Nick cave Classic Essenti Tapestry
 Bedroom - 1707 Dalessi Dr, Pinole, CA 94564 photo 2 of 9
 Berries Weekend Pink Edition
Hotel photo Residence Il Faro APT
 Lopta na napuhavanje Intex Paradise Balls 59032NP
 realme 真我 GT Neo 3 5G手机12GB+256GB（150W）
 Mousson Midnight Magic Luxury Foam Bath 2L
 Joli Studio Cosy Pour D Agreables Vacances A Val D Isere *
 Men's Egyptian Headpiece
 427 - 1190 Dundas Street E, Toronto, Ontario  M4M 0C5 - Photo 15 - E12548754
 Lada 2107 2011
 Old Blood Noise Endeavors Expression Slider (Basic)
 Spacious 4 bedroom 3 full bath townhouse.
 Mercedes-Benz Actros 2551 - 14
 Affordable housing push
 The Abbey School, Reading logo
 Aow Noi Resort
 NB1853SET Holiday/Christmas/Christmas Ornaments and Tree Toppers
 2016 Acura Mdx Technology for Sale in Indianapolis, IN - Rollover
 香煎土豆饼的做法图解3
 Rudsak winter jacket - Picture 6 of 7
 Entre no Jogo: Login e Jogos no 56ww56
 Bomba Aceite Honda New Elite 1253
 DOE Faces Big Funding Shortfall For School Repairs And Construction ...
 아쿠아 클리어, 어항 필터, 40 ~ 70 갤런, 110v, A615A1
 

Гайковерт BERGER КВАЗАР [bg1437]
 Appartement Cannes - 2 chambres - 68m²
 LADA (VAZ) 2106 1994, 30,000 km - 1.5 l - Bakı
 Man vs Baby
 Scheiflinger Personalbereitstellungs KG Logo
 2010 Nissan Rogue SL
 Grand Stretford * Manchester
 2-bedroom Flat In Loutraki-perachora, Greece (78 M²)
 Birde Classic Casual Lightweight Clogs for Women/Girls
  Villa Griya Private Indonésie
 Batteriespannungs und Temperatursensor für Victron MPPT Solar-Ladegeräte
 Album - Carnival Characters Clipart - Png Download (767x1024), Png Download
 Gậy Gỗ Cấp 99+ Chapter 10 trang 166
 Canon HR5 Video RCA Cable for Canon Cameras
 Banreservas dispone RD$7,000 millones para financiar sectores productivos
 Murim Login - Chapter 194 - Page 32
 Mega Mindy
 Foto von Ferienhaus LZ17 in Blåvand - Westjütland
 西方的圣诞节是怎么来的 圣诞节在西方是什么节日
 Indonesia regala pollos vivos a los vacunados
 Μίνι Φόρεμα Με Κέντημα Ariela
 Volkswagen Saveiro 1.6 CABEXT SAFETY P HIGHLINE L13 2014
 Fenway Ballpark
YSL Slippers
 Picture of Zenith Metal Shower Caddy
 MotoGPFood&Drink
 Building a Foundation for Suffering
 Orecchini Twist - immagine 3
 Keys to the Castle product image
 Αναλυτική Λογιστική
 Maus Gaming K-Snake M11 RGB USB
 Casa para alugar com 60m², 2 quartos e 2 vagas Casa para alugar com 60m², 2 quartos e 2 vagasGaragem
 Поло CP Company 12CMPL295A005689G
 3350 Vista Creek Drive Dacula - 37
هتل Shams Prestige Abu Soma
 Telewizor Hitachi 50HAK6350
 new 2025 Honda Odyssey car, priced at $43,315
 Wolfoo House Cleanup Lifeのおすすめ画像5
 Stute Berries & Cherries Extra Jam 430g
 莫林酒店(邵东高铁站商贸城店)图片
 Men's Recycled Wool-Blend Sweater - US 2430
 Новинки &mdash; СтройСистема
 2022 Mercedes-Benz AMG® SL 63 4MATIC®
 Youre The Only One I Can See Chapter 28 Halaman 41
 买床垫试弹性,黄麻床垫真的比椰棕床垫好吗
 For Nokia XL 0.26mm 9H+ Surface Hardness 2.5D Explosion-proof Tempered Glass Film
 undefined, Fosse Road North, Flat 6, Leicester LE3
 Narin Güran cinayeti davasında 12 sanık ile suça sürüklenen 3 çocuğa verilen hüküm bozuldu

········

Your task:
No line may be skipped. Transcribe the listing above exactly.

Result of this exercise:
Nick cave Classic Essenti Tapestry
 Bedroom - 1707 Dalessi Dr, Pinole, CA 94564 photo 2 of 9
 Berries Weekend Pink Edition
Hotel photo Residence Il Faro APT
 Lopta na napuhavanje Intex Paradise Balls 59032NP
 realme 真我 GT Neo 3 5G手机12GB+256GB（150W）
 Mousson Midnight Magic Luxury Foam Bath 2L
 Joli Studio Cosy Pour D Agreables Vacances A Val D Isere *
 Men's Egyptian Headpiece
 427 - 1190 Dundas Street E, Toronto, Ontario  M4M 0C5 - Photo 15 - E12548754
 Lada 2107 2011
 Old Blood Noise Endeavors Expression Slider (Basic)
 Spacious 4 bedroom 3 full bath townhouse.
 Mercedes-Benz Actros 2551 - 14
 Affordable housing push
 The Abbey School, Reading logo
 Aow Noi Resort
 NB1853SET Holiday/Christmas/Christmas Ornaments and Tree Toppers
 2016 Acura Mdx Technology for Sale in Indianapolis, IN - Rollover
 香煎土豆饼的做法图解3
 Rudsak winter jacket - Picture 6 of 7
 Entre no Jogo: Login e Jogos no 56ww56
 Bomba Aceite Honda New Elite 1253
 DOE Faces Big Funding Shortfall For School Repairs And Construction ...
 아쿠아 클리어, 어항 필터, 40 ~ 70 갤런, 110v, A615A1
 

Гайковерт BERGER КВАЗАР [bg1437]
 Appartement Cannes - 2 chambres - 68m²
 LADA (VAZ) 2106 1994, 30,000 km - 1.5 l - Bakı
 Man vs Baby
 Scheiflinger Personalbereitstellungs KG Logo
 2010 Nissan Rogue SL
 Grand Stretford * Manchester
 2-bedroom Flat In Loutraki-perachora, Greece (78 M²)
 Birde Classic Casual Lightweight Clogs for Women/Girls
  Villa Griya Private Indonésie
 Batteriespannungs und Temperatursensor für Victron MPPT Solar-Ladegeräte
 Album - Carnival Characters Clipart - Png Download (767x1024), Png Download
 Gậy Gỗ Cấp 99+ Chapter 10 trang 166
 Canon HR5 Video RCA Cable for Canon Cameras
 Banreservas dispone RD$7,000 millones para financiar sectores productivos
 Murim Login - Chapter 194 - Page 32
 Mega Mindy
 Foto von Ferienhaus LZ17 in Blåvand - Westjütland
 西方的圣诞节是怎么来的 圣诞节在西方是什么节日
 Indonesia regala pollos vivos a los vacunados
 Μίνι Φόρεμα Με Κέντημα Ariela
 Volkswagen Saveiro 1.6 CABEXT SAFETY P HIGHLINE L13 2014
 Fenway Ballpark
YSL Slippers
 Picture of Zenith Metal Shower Caddy
 MotoGPFood&Drink
 Building a Foundation for Suffering
 Orecchini Twist - immagine 3
 Keys to the Castle product image
 Αναλυτική Λογιστική
 Maus Gaming K-Snake M11 RGB USB
 Casa para alugar com 60m², 2 quartos e 2 vagas Casa para alugar com 60m², 2 quartos e 2 vagasGaragem
 Поло CP Company 12CMPL295A005689G
 3350 Vista Creek Drive Dacula - 37
هتل Shams Prestige Abu Soma
 Telewizor Hitachi 50HAK6350
 new 2025 Honda Odyssey car, priced at $43,315
 Wolfoo House Cleanup Lifeのおすすめ画像5
 Stute Berries & Cherries Extra Jam 430g
 莫林酒店(邵东高铁站商贸城店)图片
 Men's Recycled Wool-Blend Sweater - US 2430
 Новинки &mdash; СтройСистема
 2022 Mercedes-Benz AMG® SL 63 4MATIC®
 Youre The Only One I Can See Chapter 28 Halaman 41
 买床垫试弹性,黄麻床垫真的比椰棕床垫好吗
 For Nokia XL 0.26mm 9H+ Surface Hardness 2.5D Explosion-proof Tempered Glass Film
 undefined, Fosse Road North, Flat 6, Leicester LE3
 Narin Güran cinayeti davasında 12 sanık ile suça sürüklenen 3 çocuğa verilen hüküm bozuldu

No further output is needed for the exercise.